In the early part of 2008 the broker negotiated cover for the insured’s credit risk in respect of a number of customers one of which was Signum. By the end of April 2008, the broker and insurer had agreed all essential terms of the policy in respect of the Signum risk. The insurer sent a document entitled “Indication of Terms” to the insured. The document stated that the terms were provided without commitment on the part of the insurer “until the insurer provides written confirmation that it is on risk and agrees to issue a policy”. Neither written confirmation nor a policy was sent by the insurer. Signum went into liquidation in November 2008 owing the insured over $2 million. The insured made a claim under a policy that it claimed had been arranged in April.
The dispute found its way to the Victorian Supreme Court which held that a contract of insurance had come into existence. The Court found that both parties had intended to form a contract of insurance on the terms agreed. It considered that the failure to issue a policy document and the non-payment of the premium were simply administrative oversights. It was relevant that all of the terms of the insurance cover had been agreed, and that the employee who negotiated the policy on behalf of the insurer himself believed that the insurance had been arranged. He had left the company soon after arranging the insurance and gave evidence that his failure to issue an invoice and policy was an oversight.

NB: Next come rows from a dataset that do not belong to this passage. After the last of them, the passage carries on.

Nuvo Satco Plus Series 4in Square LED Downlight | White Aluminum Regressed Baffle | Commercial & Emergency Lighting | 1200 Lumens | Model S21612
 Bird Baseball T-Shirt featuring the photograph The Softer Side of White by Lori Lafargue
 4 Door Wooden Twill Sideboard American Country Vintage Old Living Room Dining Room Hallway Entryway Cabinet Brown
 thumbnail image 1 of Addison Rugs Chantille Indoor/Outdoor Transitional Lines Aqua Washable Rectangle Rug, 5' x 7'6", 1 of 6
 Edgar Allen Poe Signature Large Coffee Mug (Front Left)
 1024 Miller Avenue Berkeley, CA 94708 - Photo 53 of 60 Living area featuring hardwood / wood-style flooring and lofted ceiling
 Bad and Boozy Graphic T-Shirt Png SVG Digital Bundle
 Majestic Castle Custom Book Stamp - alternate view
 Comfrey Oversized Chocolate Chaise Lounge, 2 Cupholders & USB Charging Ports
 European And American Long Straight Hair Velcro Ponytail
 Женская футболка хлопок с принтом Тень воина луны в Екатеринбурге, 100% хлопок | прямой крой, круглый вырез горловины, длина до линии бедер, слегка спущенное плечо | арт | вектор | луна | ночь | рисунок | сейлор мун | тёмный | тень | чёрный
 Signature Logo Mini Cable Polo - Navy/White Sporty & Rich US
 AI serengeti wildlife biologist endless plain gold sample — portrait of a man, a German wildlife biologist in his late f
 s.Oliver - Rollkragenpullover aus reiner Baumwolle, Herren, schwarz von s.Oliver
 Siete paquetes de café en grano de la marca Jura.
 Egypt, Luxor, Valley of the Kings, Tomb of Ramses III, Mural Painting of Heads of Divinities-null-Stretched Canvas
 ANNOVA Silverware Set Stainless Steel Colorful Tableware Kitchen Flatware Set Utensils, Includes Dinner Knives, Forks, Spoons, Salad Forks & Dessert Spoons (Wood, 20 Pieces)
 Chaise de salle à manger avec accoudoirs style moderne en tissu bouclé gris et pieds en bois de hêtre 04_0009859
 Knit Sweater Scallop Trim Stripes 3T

The decision serves as a reminder to insurers that the substance and effect of all communications with an insured will be important, and that documents containing caveats, such as the “Indication of Terms” in this case, will not prevent a contract of insurance from forming where other communications are consistent with an intention to form that contract.
One other point coming out of this case: The insurer had argued that even if there was a contract of insurance in place, it was entitled to rely on a standard automatic stoppage term in the policy. This term provided that cover would not apply in respect of any loss sustained in relation to goods despatched after a payment by the buyer (on another purchase) became and remained overdue. The insurer alleged that cover for the whole of Signum’s debts was suspended because a debt of $957 owed by Signum to the insured had been outstanding since 2002. The court construed the automatic stoppage provision narrowly. Although nothing in the literal wording pointed to this conclusion, the Court held that the proper interpretation of the provision was to confine the meaning of “receivable” to a receivable that first arises after the commencement of the policy. As the payment had been overdue for years prior to the policy coming into existence, the Court held that the automatic stoppage provision did not operate.